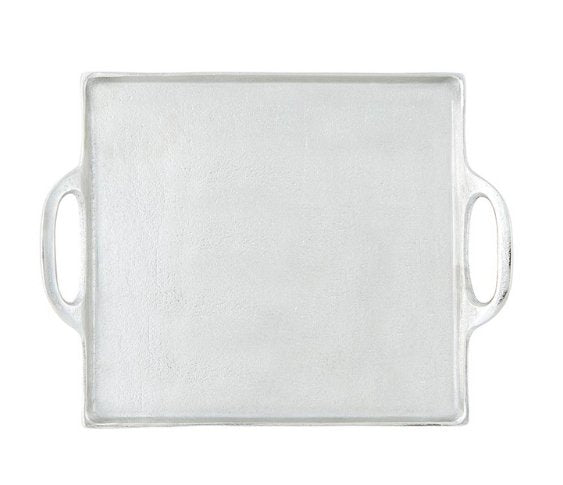 Silver Square Aluminum Tray - Lg - The Collective Park City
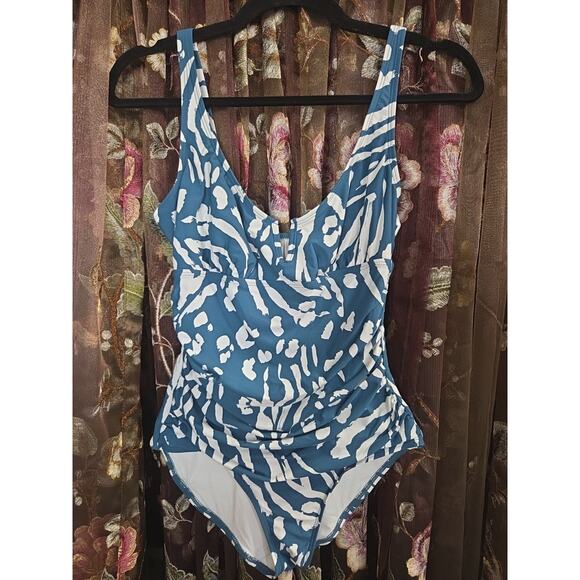 Anne Cole Swimsuit One Piece Size 8 - Picture 1 of 16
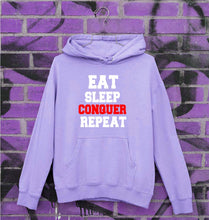 Load image into Gallery viewer, eat sleep conquer repeat Unisex Hoodie for Men/Women-Lavender-Ektarfa.online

##############################

## WHAT TO PRODUCE
Return every line shown above without changing a word, and skip the pictures.

## EXPECTED ANSWER
 Silver Square Aluminum Tray - Lg - The Collective Park City
 Anne Cole Swimsuit One Piece Size 8 - Picture 1 of 16
 Load image into Gallery viewer, eat sleep conquer repeat Unisex Hoodie for Men/Women-Lavender-Ektarfa.online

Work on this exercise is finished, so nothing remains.